MARCOS DANTAS - Na vila chamada Banco Central, lugarejo onde nasci, encravado entre duas serras, lá no Sul da Bahia, município de Ilhéus, entre tantas figuras pitorescas, conheci com meus olhos de criança o seu Valentim; (será que a brabeza dele tinha a ver com o nome?) fato é que o sujeito era um baiano bruto, rústico e muito, mas muito sistemático.
Para se ter idéia, seu Valentim, que raramente comprava uma
camisa nova, quando isto acontecia, ainda na loja ele arrancava logo os botões,
seu sistema era usar a dita-cuja aberta. Certa feita, ele entrou com esta
desabotoada no ônibus e o motorista lhe chamou atenção, ao que ele rispidamente
respondeu “eu deço mas não abutuio”.
Historicamente o pioneiro sistema a ser implementado por
aqui foi o sócio-político-econômico escravocrata.
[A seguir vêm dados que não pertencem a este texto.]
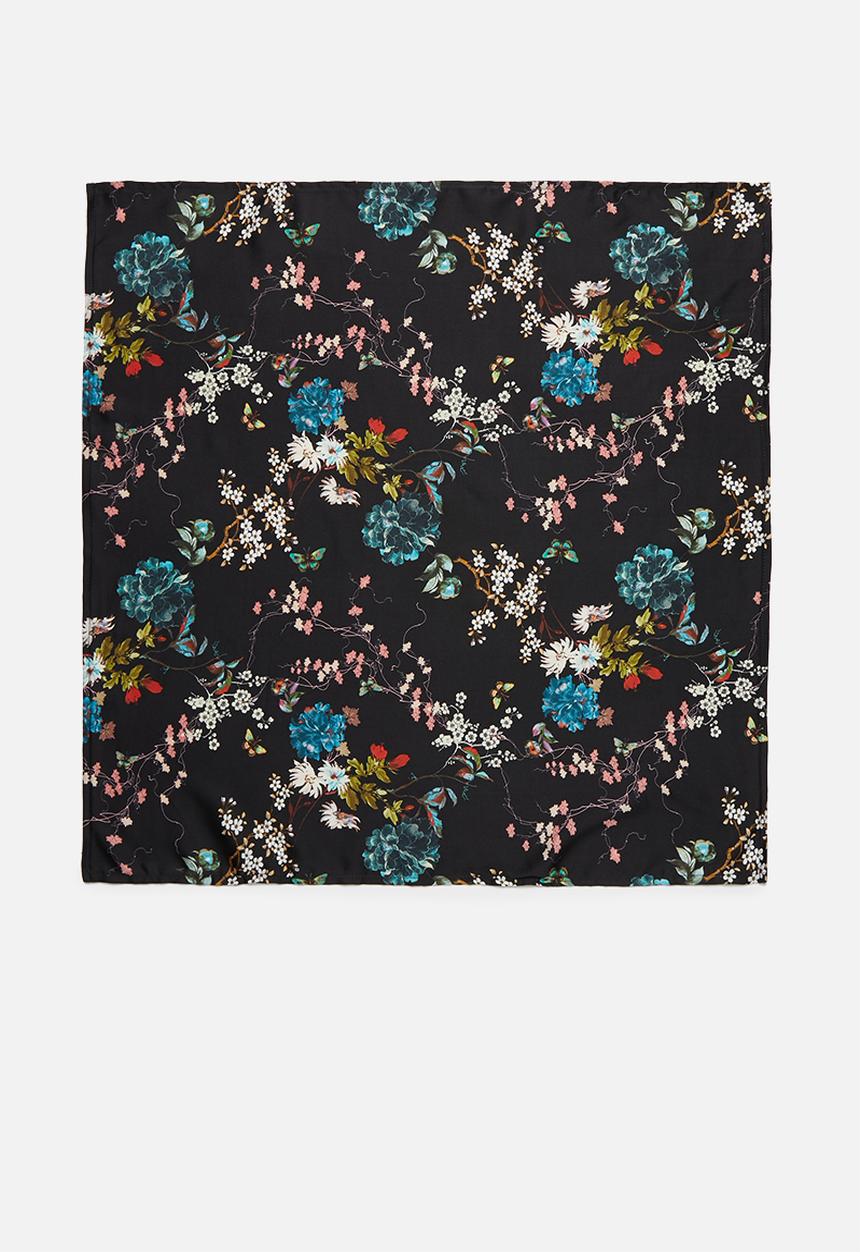 Superbalist - Square floral print neckerchief - black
Relação esta entre senhor e escravo
que serviu de alicerce que estruturou o voraz estado brasileiro. E nessa
moldura vivemos escravos do sistema que não é o do seu Valentim que a única vez
que pisou em um banco queria falar com o dono do mesmo. “Se não posso falar
com o dono intão não vou botar meu dinheiro aqui”.
Os tempos modernos além de franquear a tecnologia também
escraviza com seu implacável e feroz sistema. Você já é o ‘ultimo do
derradeiro’ na fila e quando chega a sua vez, ouve: o sistema caiu, o sistema
está lento, o sistema o sistema não libera, o sistema acusa que o senhor(a)
deve a deus e ao mundo, o sistema está fora do ar, o sistema só libera até esse
limite, aqui pelo sistema o senhor(a) não é o senhor(a)...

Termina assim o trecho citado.